The latest developments in the conflict between Russia and Ukraine. All times EDT:

8:16 p.m.: Petro Andriushchenko, an adviser to the Mariupol mayor, said Russian forces have blocked all evacuation routes out of the city, The Associated Press reported. He said there were few apartment buildings fit to live in after the weeks of bombardment and very little food or drinking water, the AP reported. Andriushchenko added that some residents who have remained in the city are cooperating with the Russian occupying forces in exchange for food.

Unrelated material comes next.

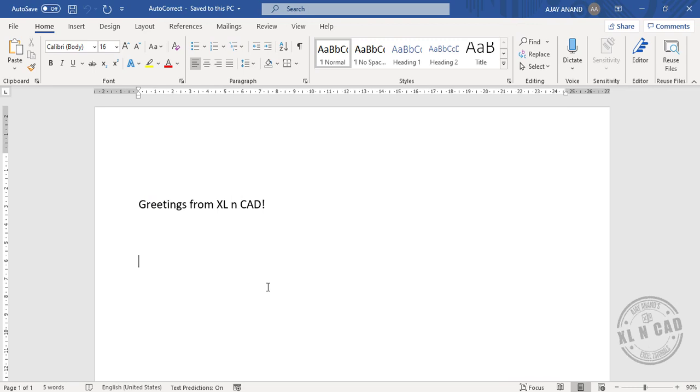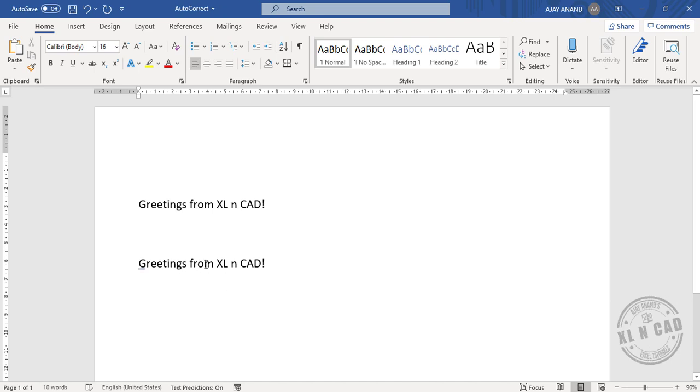Now when you type in $gr and press the Enter key, those characters will be replaced with 'Greetings from Excel and CAD.'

7:23 p.m.: Ukraine National Guard chief Oleksiy Nadtochy said more than 560 soldiers from the guard forces, including the Azov regiment currently holed up in Mariupol's steelworks, have been killed since the war with Russia began, according to Agence France-Presse. Besides the 561 dead, an additional 1,697 troops had been wounded since the invasion began on February 24, Nadtochy said in an online briefing, according to AFP. Up until Wednesday, both Ukraine and Russian officials had been tight-lipped about war losses, AFP reported.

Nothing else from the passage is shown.